After that first Supreme Judicial Court ruling, the School Committee held a more formal hearing, following which the committee again voted to remove Graves. This led to a second appeal by Graves. State Supreme Court Justice James J. Ronan appointed a special master, Boston Municipal Court Special Justice F. Delano Putnam, to report on the controversy. According to one article, "Putnam's 54-page report to the court bristled with denunciations of the manner in which the hearings on the Graves case were conducted." State Supreme Court Justice Louis S. Cox accepted Putnam's findings, and ruled that the committee failed to have sufficient cause to remove Graves from office.

===Context and underlying issues===
Contemporary newspaper accounts of the controversy suggest that the charges against Graves were not the main reasons for the School Committee's opposition. An article in The Boston Globe reads, "... according to rumor throughout the town, (the controversy) came about originally because two sets of parents became indignant over reprimands given to their children for poor scholastic standing and such infractions of rules such as smoking in the basement." The article continues, "If the man on the street in Wellesley has the story right, the superintendent of schools was asked to discipline the teachers, and the superintendent answered that the teachers were perfectly right. His job, it was said, was the price of that decision."

However, there may have been even more important causes that preceded the charges. After Graves was tentatively removed from office, a related dispute developed regarding a proposed rezoning of the town's schools. According to James Bresnahan, chairman of the advisory committee of the Isaac Sprague School Parent-Teachers Association, Graves was ousted because he refused to make racial and social discrimination against certain classes of children. Bresnahan is quoted as saying, "I believe the reason the optional district plan was put into effect was to segregate certain children and others not well fixed socially and financially." The plan was expected to lead to combining some grades in the Sprague school because of low registration and having excessive class sizes in other schools. The zoning plan led to a five-day strike that kept children out of the Sprague School. In the end, the strike was cancelled in a "Compromise Proposed by School Board in 'Social War'". School Committeeman Robert A. B. Cook said the plan was revised to show the school committee was not trying to discriminate against poorer pupils. There had been an increase in the number of Italian-American children living in Wellesley, who may have been targets of discrimination.

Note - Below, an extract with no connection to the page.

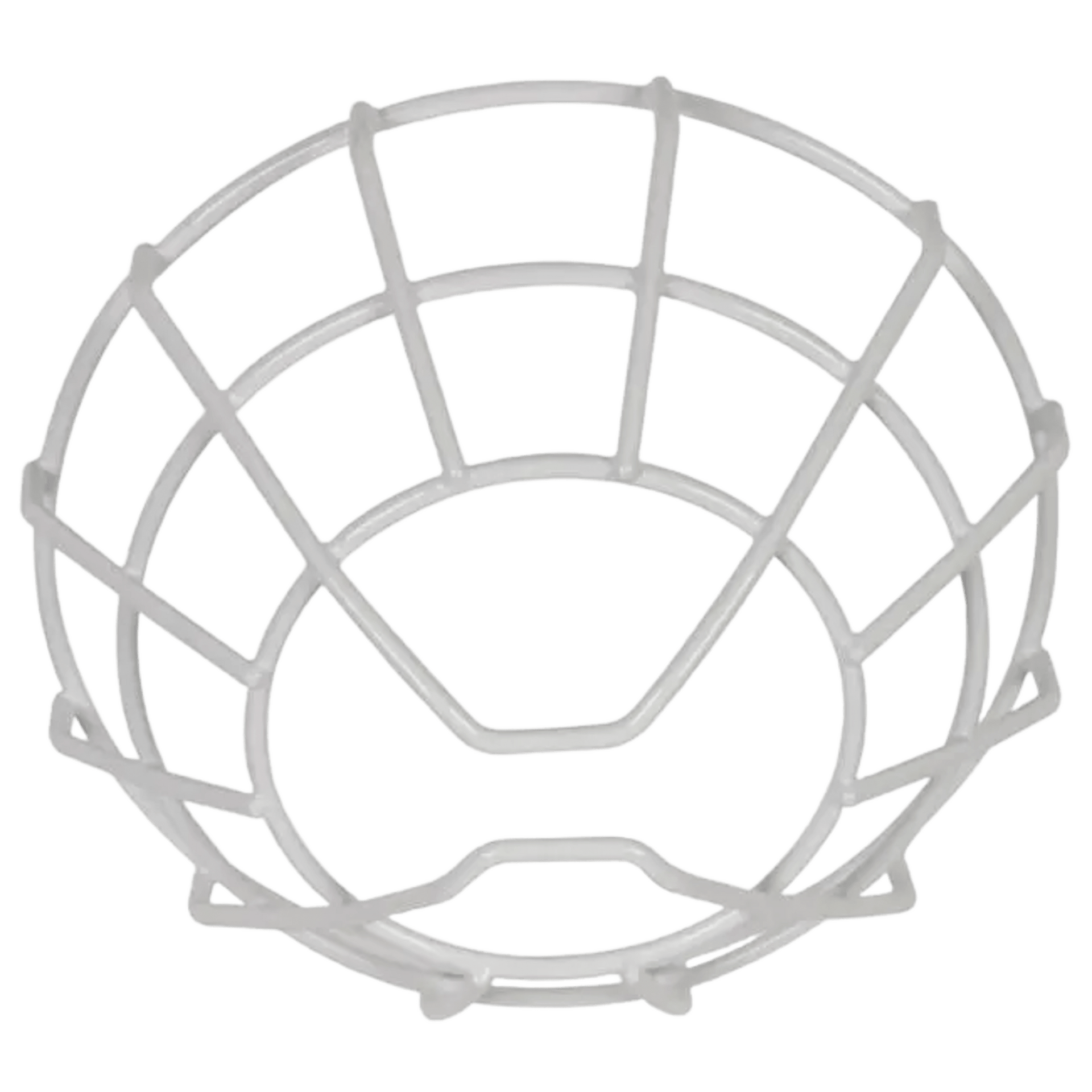 Protector De Rejilla Anti Vandalismo Y Golpes Accidentales, Color Blanco, Para Sirenas/Estrobos/Bocinas System Sensor, Montaje a Ras en Techo, 8.26"Altox8.26"Anchox3.54"Profundidad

Bresnahan himself ran for a position on the School Committee, but was defeated.

It is ironic that the Chairman of the School Committee was Isaac Sprague, Jr., son of the late investment banker who had provided land for the school that was then named for him.

In a review of the story, the Boston Evening Globe reported that the controversy began when "One man wanted the town redistricted ... because he did not want to have his child attend a particular school where, he claimed, the social standing of pupils was not up to par with other Wellesley schools."

There is also an undocumented story that Graves supported the retention of a gay teacher against some community opposition.

===Outcome and legacy===
After Judge Louis S. Cox ordered the reinstatement of Graves, the Town of Wellesley had two school superintendents, and an agreement was reached that Graves would receive lost wages of about $15,000 and resign the position.

Graves died four years later. His health may have been weakened by stress caused by the personal and public ordeal, including having had limited income during the Great Depression.

In the 1960s, his daughter Rose Christine Graves Heiberg was elected to the Rockville Centre (New York) School Board, after a campaign supporting school policies that included input from racial minorities.